# Brief descriptive captions:
····················
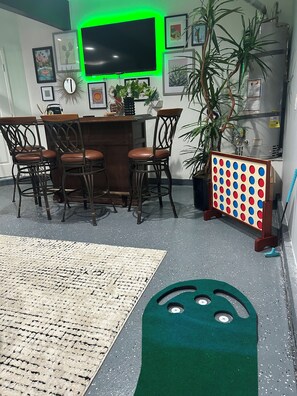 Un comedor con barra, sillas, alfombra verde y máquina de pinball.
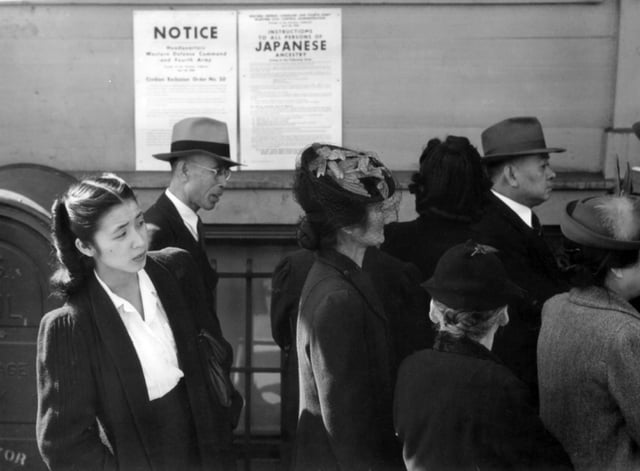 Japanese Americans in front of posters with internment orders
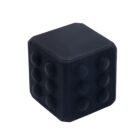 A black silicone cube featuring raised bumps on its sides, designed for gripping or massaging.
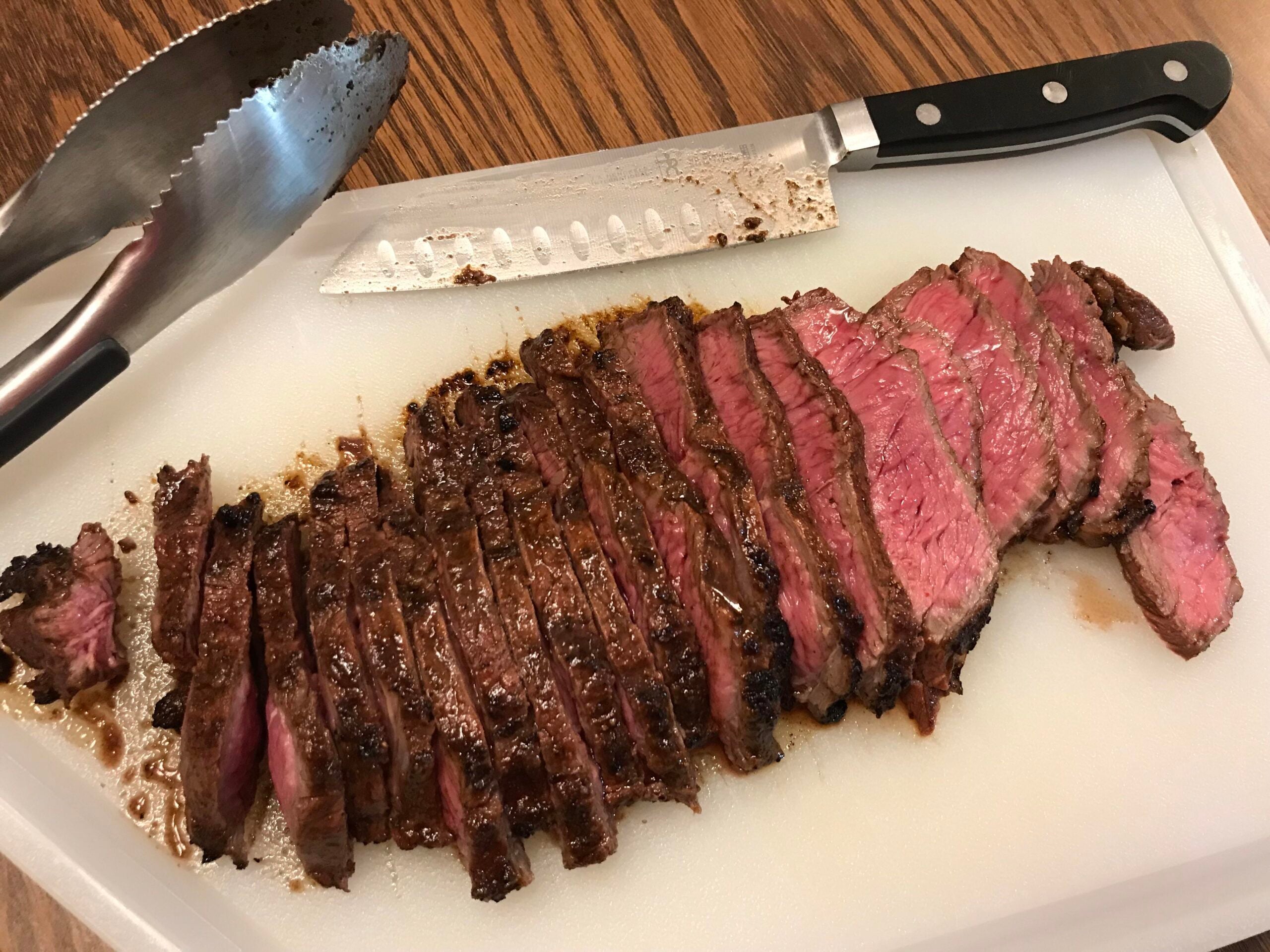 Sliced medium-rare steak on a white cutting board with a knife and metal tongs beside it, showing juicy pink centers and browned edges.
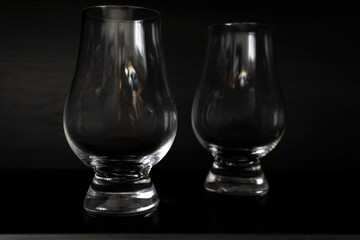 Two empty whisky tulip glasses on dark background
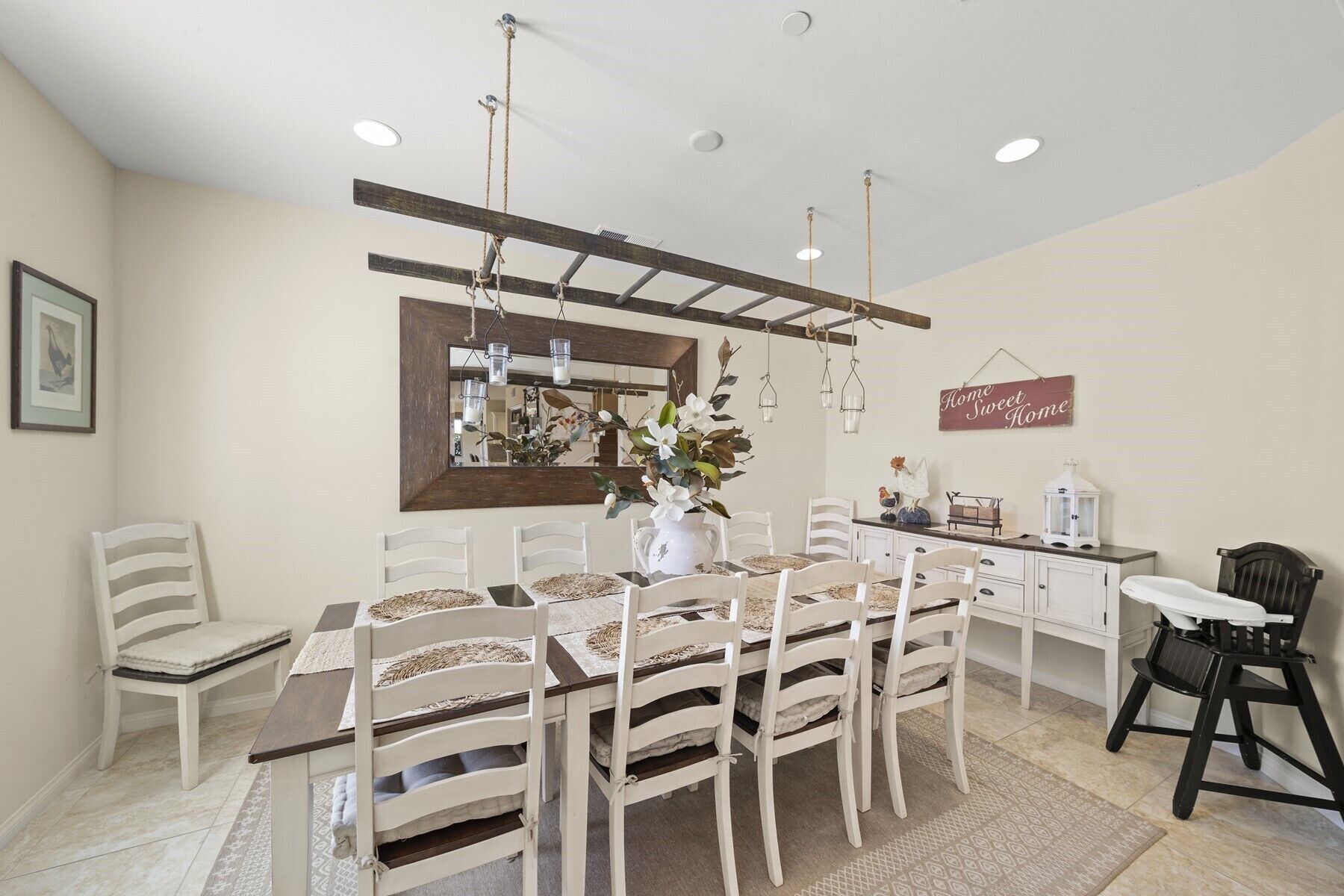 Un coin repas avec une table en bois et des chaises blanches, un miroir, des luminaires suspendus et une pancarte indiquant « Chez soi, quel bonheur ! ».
····················
# Work order:
Copy each line of the records precisely and drop any images they hold.

# Written answer:
 Un comedor con barra, sillas, alfombra verde y máquina de pinball.
 Japanese Americans in front of posters with internment orders
 A black silicone cube featuring raised bumps on its sides, designed for gripping or massaging.
 Sliced medium-rare steak on a white cutting board with a knife and metal tongs beside it, showing juicy pink centers and browned edges.
 Two empty whisky tulip glasses on dark background
 Un coin repas avec une table en bois et des chaises blanches, un miroir, des luminaires suspendus et une pancarte indiquant « Chez soi, quel bonheur ! ».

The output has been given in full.